Exercise objective —
Reproduce all the data verbatim.

Data supplied —

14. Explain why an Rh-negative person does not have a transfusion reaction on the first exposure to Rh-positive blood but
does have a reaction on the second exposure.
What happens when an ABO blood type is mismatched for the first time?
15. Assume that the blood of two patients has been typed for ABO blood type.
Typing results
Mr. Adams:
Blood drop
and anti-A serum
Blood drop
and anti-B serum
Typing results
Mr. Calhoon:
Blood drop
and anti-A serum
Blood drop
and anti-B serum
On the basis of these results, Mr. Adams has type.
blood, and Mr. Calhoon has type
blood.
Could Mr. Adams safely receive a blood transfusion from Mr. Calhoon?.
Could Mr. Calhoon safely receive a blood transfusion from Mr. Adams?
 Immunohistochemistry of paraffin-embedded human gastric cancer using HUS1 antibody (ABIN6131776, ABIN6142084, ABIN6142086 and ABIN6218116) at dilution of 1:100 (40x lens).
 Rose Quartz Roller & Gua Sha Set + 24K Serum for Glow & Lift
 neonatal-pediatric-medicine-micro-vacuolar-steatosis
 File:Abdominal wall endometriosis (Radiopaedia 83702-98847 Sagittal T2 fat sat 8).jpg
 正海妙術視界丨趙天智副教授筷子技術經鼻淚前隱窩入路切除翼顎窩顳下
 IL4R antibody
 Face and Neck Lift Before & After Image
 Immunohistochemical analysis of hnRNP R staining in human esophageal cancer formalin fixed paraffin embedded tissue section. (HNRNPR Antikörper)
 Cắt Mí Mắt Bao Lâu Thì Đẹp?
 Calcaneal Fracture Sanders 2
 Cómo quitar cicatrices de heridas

Task output —
14. Explain why an Rh-negative person does not have a transfusion reaction on the first exposure to Rh-positive blood but
does have a reaction on the second exposure.
What happens when an ABO blood type is mismatched for the first time?
15. Assume that the blood of two patients has been typed for ABO blood type.
Typing results
Mr. Adams:
Blood drop
and anti-A serum
Blood drop
and anti-B serum
Typing results
Mr. Calhoon:
Blood drop
and anti-A serum
Blood drop
and anti-B serum
On the basis of these results, Mr. Adams has type.
blood, and Mr. Calhoon has type
blood.
Could Mr. Adams safely receive a blood transfusion from Mr. Calhoon?.
Could Mr. Calhoon safely receive a blood transfusion from Mr. Adams?
 Immunohistochemistry of paraffin-embedded human gastric cancer using HUS1 antibody (ABIN6131776, ABIN6142084, ABIN6142086 and ABIN6218116) at dilution of 1:100 (40x lens).
 Rose Quartz Roller & Gua Sha Set + 24K Serum for Glow & Lift
 neonatal-pediatric-medicine-micro-vacuolar-steatosis
 File:Abdominal wall endometriosis (Radiopaedia 83702-98847 Sagittal T2 fat sat 8).jpg
 正海妙術視界丨趙天智副教授筷子技術經鼻淚前隱窩入路切除翼顎窩顳下
 IL4R antibody
 Face and Neck Lift Before & After Image
 Immunohistochemical analysis of hnRNP R staining in human esophageal cancer formalin fixed paraffin embedded tissue section. (HNRNPR Antikörper)
 Cắt Mí Mắt Bao Lâu Thì Đẹp?
 Calcaneal Fracture Sanders 2
 Cómo quitar cicatrices de heridas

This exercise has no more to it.